[Start of Attachment]

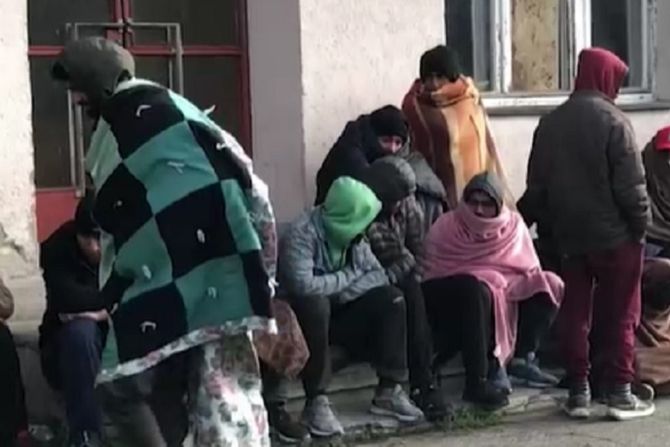 migranti, Loznica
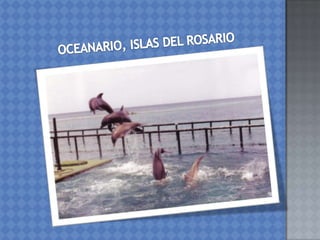 Riqueza turistica de colombia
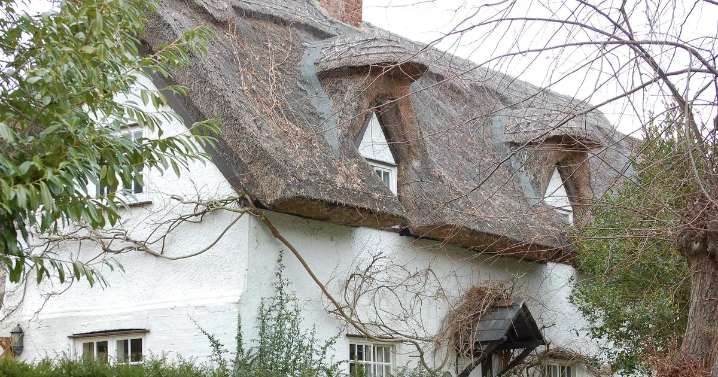 'Chocolate box' village just 8 miles from Cambridge named among best places to live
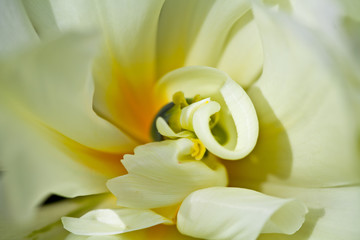 Tulpe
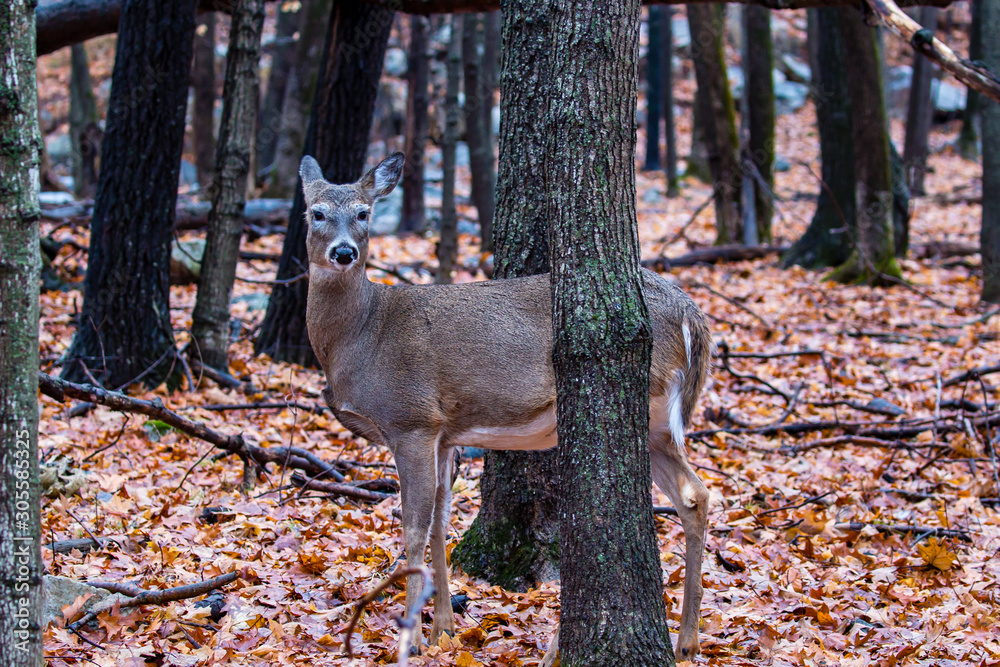 White-tailed deer listening in two separate directions at the same time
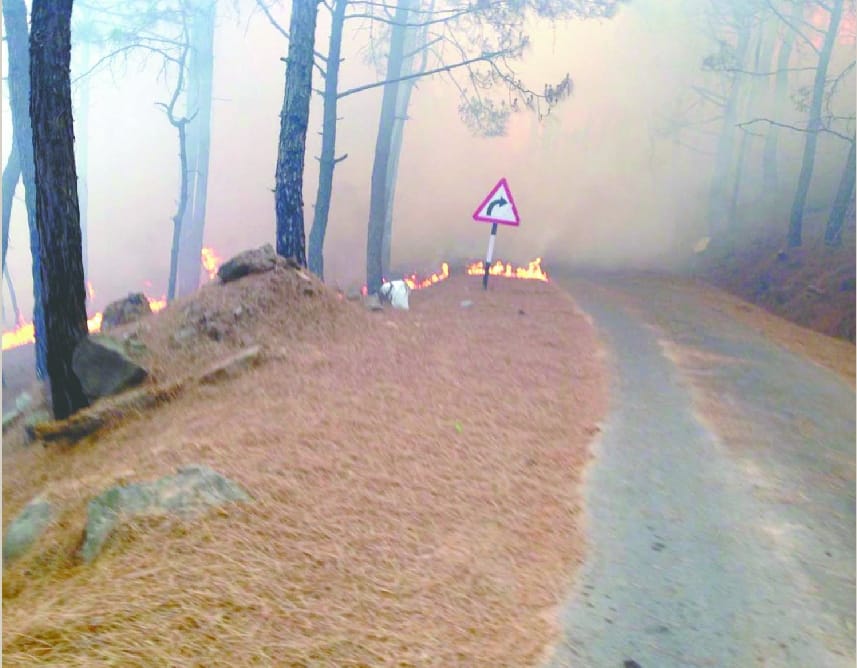 fire in billawar Forest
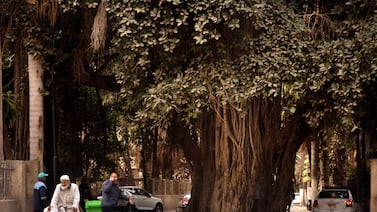 People walk past a 150-year-old Banyan tree near the Cairo Tower. AP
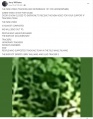 Thumbnail for version as of 17:49, 26 June 2023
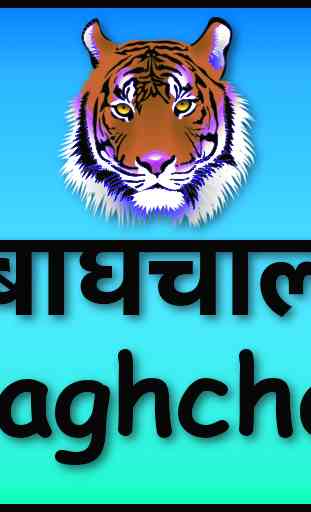Baghchal Game 3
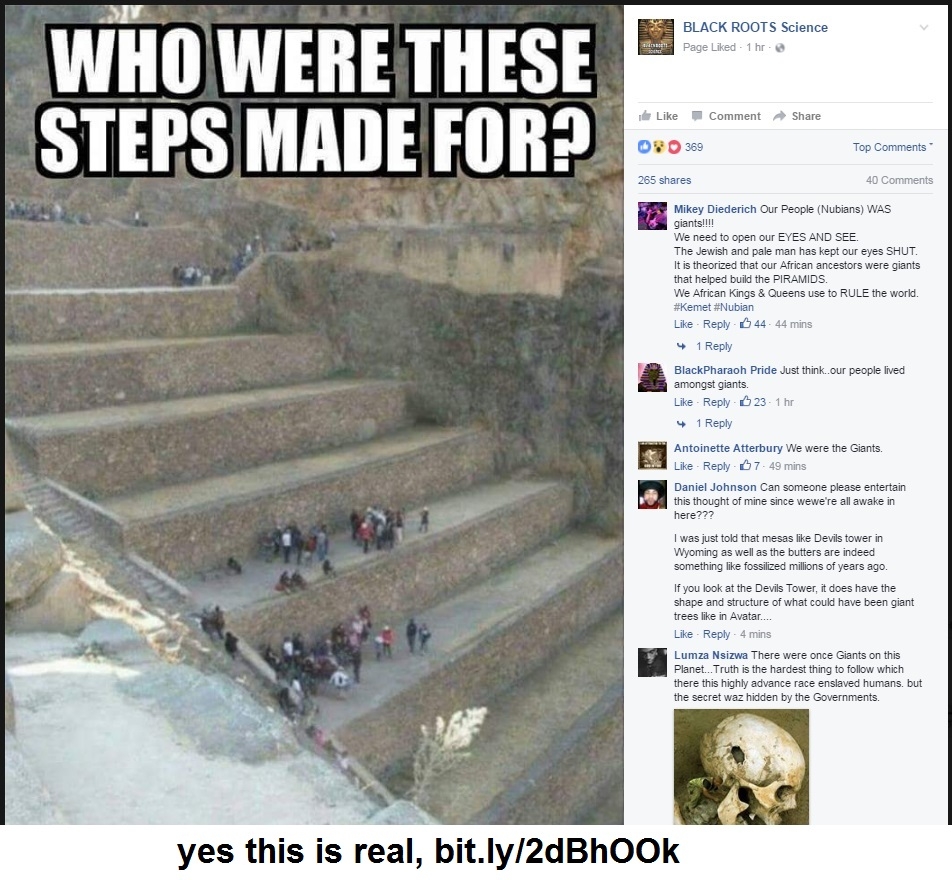 153316.jpg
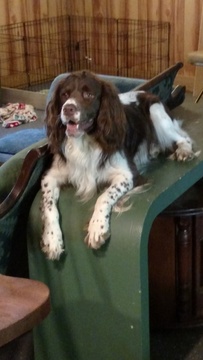 Medium Photo #1 English Springer Spaniel Puppy For Sale in LOWMANSVILLE, KY, USA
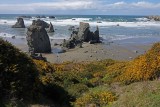  Bandon 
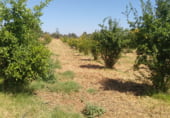 Chalet independiente con terreno en venta en la N-431, Gibraleón, ref: TR109513 foto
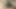 small tiny cock foreskin play, pumping, precum and cumming 2 times
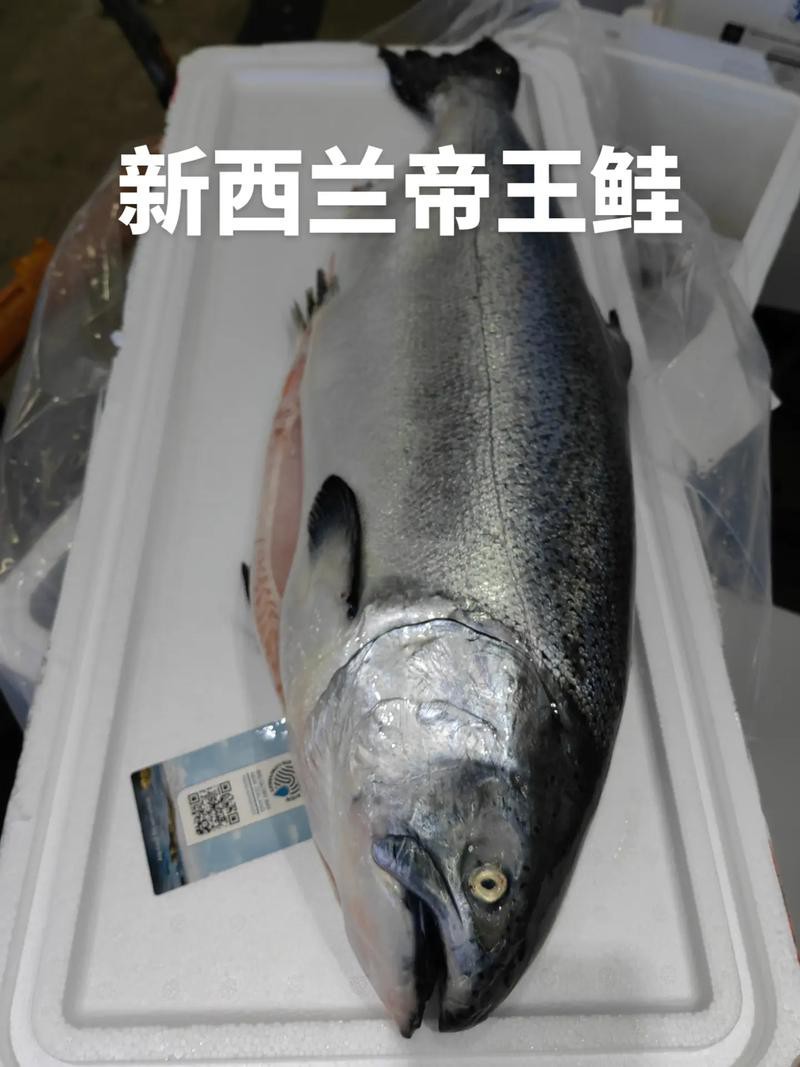 帝王魚(yú)圖片 帝王魚(yú)圖片 龍魚(yú)論壇 第13張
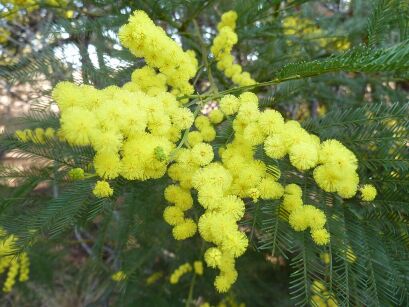 Acacia dealbata syn.Acacia decurrens Akacja srebrzysta C5/1,5m *K14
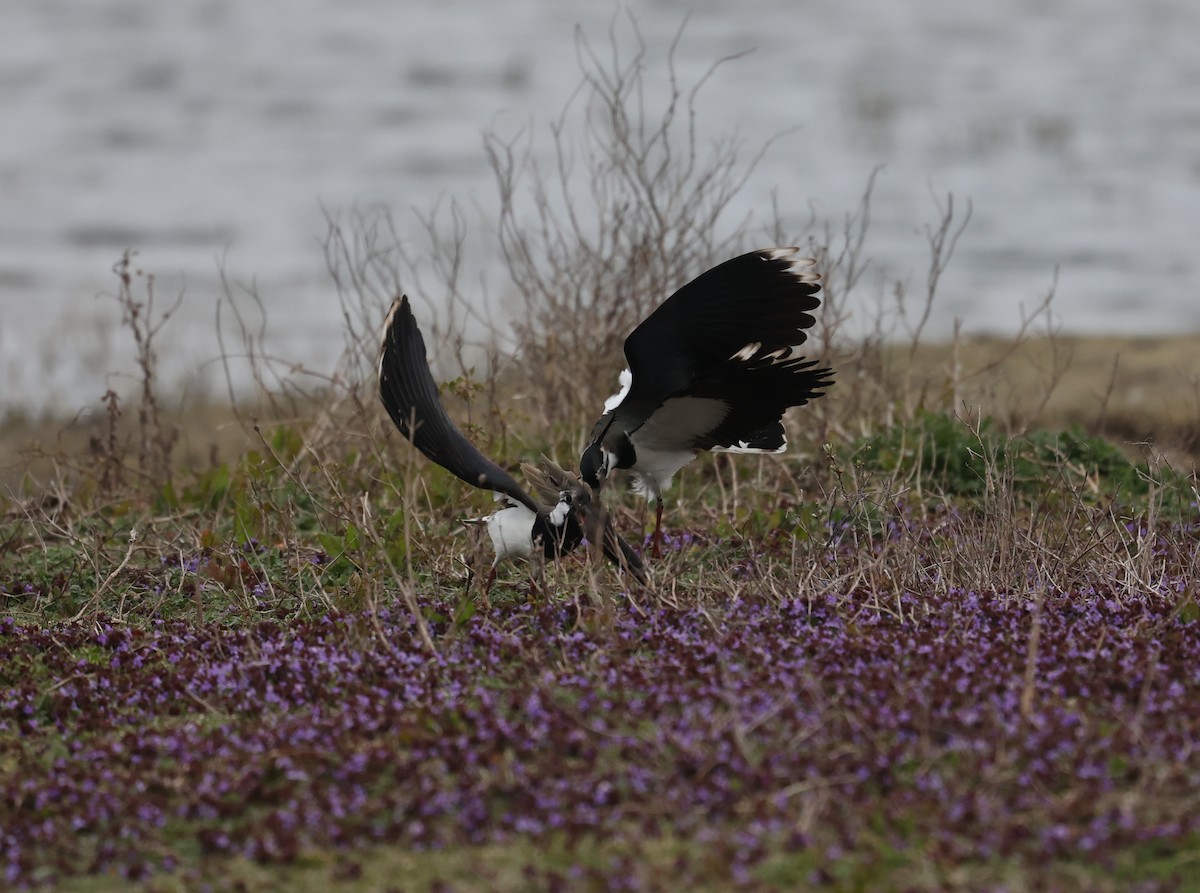 Northern Lapwing - ML636030311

[End of Attachment]

• THE TASK: Write every record out again exactly as written. Pictures don't belong in the copy.

• RESULT OF THIS TASK:
 migranti, Loznica
 Riqueza turistica de colombia
 'Chocolate box' village just 8 miles from Cambridge named among best places to live
 Tulpe
 White-tailed deer listening in two separate directions at the same time
 fire in billawar Forest
 People walk past a 150-year-old Banyan tree near the Cairo Tower. AP
 Thumbnail for version as of 17:49, 26 June 2023
Baghchal Game 3
 153316.jpg
 Medium Photo #1 English Springer Spaniel Puppy For Sale in LOWMANSVILLE, KY, USA
  Bandon 
 Chalet independiente con terreno en venta en la N-431, Gibraleón, ref: TR109513 foto
 small tiny cock foreskin play, pumping, precum and cumming 2 times
 帝王魚(yú)圖片 帝王魚(yú)圖片 龍魚(yú)論壇 第13張
 Acacia dealbata syn.Acacia decurrens Akacja srebrzysta C5/1,5m *K14
 Northern Lapwing - ML636030311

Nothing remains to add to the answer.